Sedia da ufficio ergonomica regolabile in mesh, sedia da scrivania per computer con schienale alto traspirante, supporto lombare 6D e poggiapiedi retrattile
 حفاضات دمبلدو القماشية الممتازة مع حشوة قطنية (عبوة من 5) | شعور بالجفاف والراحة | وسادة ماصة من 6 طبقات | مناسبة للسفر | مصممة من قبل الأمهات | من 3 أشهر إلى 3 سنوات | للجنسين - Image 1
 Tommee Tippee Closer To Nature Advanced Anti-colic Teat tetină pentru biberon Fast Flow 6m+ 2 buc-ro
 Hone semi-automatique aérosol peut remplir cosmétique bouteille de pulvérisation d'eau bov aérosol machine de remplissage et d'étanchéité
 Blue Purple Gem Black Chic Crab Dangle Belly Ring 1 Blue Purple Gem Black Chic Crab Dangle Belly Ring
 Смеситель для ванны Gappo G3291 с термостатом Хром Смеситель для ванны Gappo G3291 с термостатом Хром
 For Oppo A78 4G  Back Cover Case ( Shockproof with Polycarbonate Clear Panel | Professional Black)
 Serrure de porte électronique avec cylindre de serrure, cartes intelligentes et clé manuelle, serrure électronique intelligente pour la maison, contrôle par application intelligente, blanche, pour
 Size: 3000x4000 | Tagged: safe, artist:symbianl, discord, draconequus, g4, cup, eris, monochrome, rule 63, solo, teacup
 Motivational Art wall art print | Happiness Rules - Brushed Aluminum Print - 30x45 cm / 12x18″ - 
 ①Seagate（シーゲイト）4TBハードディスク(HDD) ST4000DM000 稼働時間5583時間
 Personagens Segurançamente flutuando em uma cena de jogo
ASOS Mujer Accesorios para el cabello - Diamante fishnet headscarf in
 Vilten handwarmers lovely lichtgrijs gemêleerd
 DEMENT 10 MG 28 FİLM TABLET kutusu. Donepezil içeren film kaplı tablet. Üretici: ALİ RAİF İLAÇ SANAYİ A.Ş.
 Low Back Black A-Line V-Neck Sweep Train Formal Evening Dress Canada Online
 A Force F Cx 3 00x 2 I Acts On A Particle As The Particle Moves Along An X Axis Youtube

Task description: Repeat every line of the data, exactly and in full.

Written reply:
Sedia da ufficio ergonomica regolabile in mesh, sedia da scrivania per computer con schienale alto traspirante, supporto lombare 6D e poggiapiedi retrattile
 حفاضات دمبلدو القماشية الممتازة مع حشوة قطنية (عبوة من 5) | شعور بالجفاف والراحة | وسادة ماصة من 6 طبقات | مناسبة للسفر | مصممة من قبل الأمهات | من 3 أشهر إلى 3 سنوات | للجنسين - Image 1
 Tommee Tippee Closer To Nature Advanced Anti-colic Teat tetină pentru biberon Fast Flow 6m+ 2 buc-ro
 Hone semi-automatique aérosol peut remplir cosmétique bouteille de pulvérisation d'eau bov aérosol machine de remplissage et d'étanchéité
 Blue Purple Gem Black Chic Crab Dangle Belly Ring 1 Blue Purple Gem Black Chic Crab Dangle Belly Ring
 Смеситель для ванны Gappo G3291 с термостатом Хром Смеситель для ванны Gappo G3291 с термостатом Хром
 For Oppo A78 4G  Back Cover Case ( Shockproof with Polycarbonate Clear Panel | Professional Black)
 Serrure de porte électronique avec cylindre de serrure, cartes intelligentes et clé manuelle, serrure électronique intelligente pour la maison, contrôle par application intelligente, blanche, pour
 Size: 3000x4000 | Tagged: safe, artist:symbianl, discord, draconequus, g4, cup, eris, monochrome, rule 63, solo, teacup
 Motivational Art wall art print | Happiness Rules - Brushed Aluminum Print - 30x45 cm / 12x18″ - 
 ①Seagate（シーゲイト）4TBハードディスク(HDD) ST4000DM000 稼働時間5583時間
 Personagens Segurançamente flutuando em uma cena de jogo
ASOS Mujer Accesorios para el cabello - Diamante fishnet headscarf in
 Vilten handwarmers lovely lichtgrijs gemêleerd
 DEMENT 10 MG 28 FİLM TABLET kutusu. Donepezil içeren film kaplı tablet. Üretici: ALİ RAİF İLAÇ SANAYİ A.Ş.
 Low Back Black A-Line V-Neck Sweep Train Formal Evening Dress Canada Online
 A Force F Cx 3 00x 2 I Acts On A Particle As The Particle Moves Along An X Axis Youtube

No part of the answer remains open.